The tradition that I can’t tolerate, however, is corned beef and cabbage. And frankly, I shouldn’t have to. Because Saint Patrick is as likely to have eaten corned beef as he is to have driven all of the snakes from Ireland (which, according to fossil records, never existed there in the first place). In fact, historically, Irishmen in general never ate much beef, the meaty part of their diet tending to be primarily salted pork.

If we really want to celebrate St. Patrick and all things Irish, then it’s bacon we should be eating. Now that I could get behind.

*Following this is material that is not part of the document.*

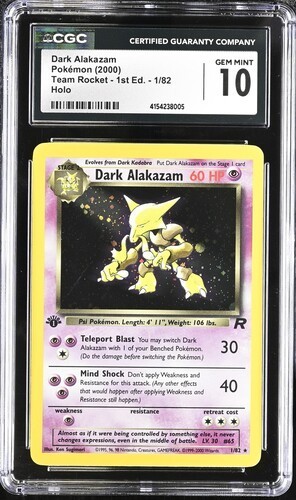 🌗🌓 CGC 10 1st Edition HOLO Dark Alakazam 1/82 Gem Pokemon Team Rocket 2000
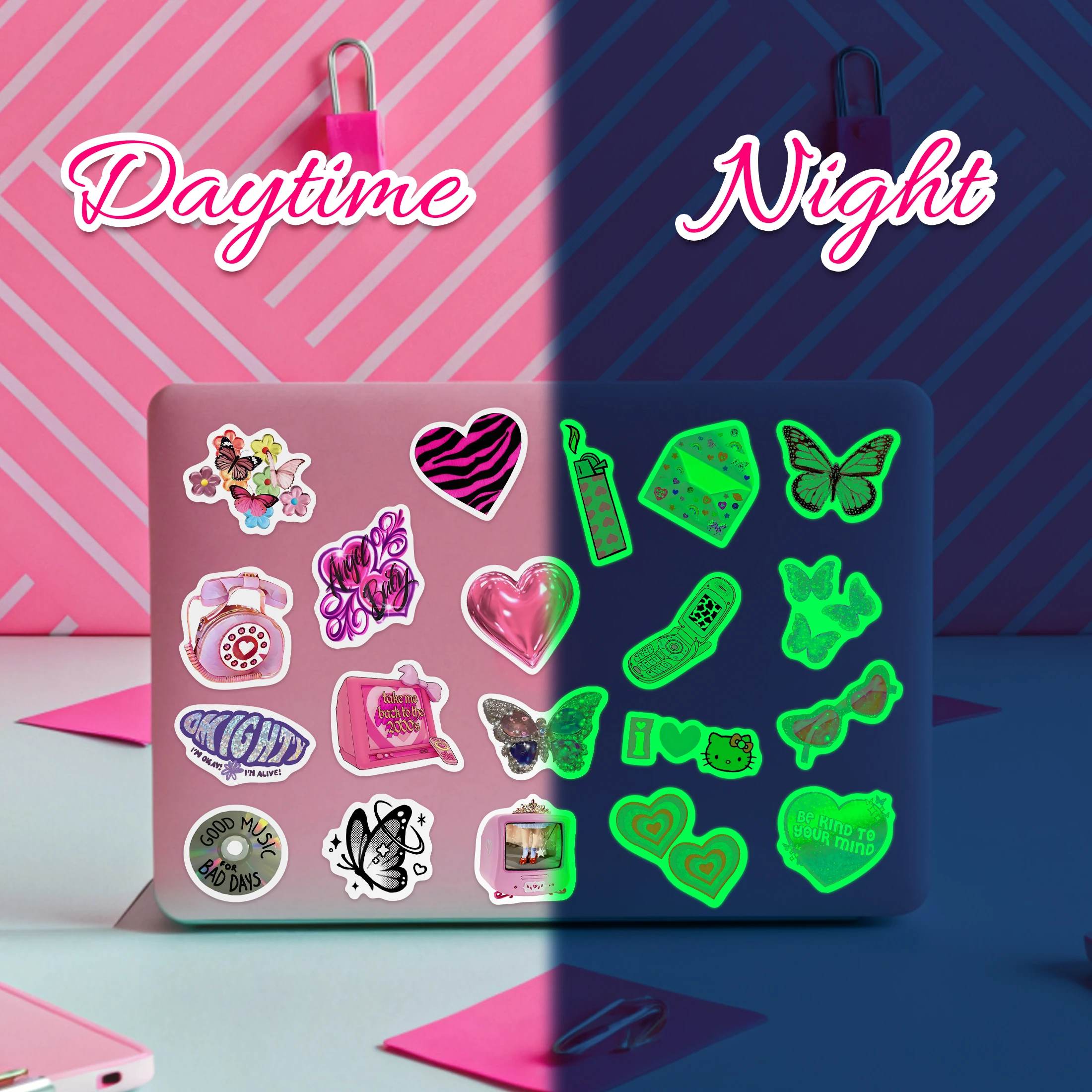 50 pçs rosa moda padrão brilho no escuro adesivos auto-adesivos à prova dwaterproof água decalques de vinil livros de computador garrafas decoração do miúdo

It wasn’t until the great influx of Irish immigrants into America in the 19th century that corned beef became a St. Patrick’s thing at all, and that’s only because the meaty part of the American diet tended to be more beefy. Relatively cheap beef brisket was readily available to Irish Americans who settled in large numbers alongside the kosher delis of their Jewish neighbors, and so they convinced themselves, their descendants, and green beer-guzzling Americans from all walks of life that corned beef and cabbage is a good, Irish-y idea.

But it’s not.

stpathat
I’m not a total party pooper. I will wear this ridiculous hat while not eating corned beef and cabbage.

Still, Americans will fire up their crock pots, stink up their houses, and line up in droves to eat corned beef and cabbage tomorrow. And I’m sure those lines will include a lot of Irish and/or green beer-guzzling American Catholics throughout the country where many local dioceses (though far from all) have granted dispensations to their parishioners who wish to partake.  

I can honestly say there’s not enough green beer in the world to make me want to participate in the tradition, and because I married a very smart and thoughtful man, I don’t have to. He had his corned beef last week. By the time I got back from my trip, the house had thoroughly aired out. Had it not, I’d not have hesitated to head back to the beach.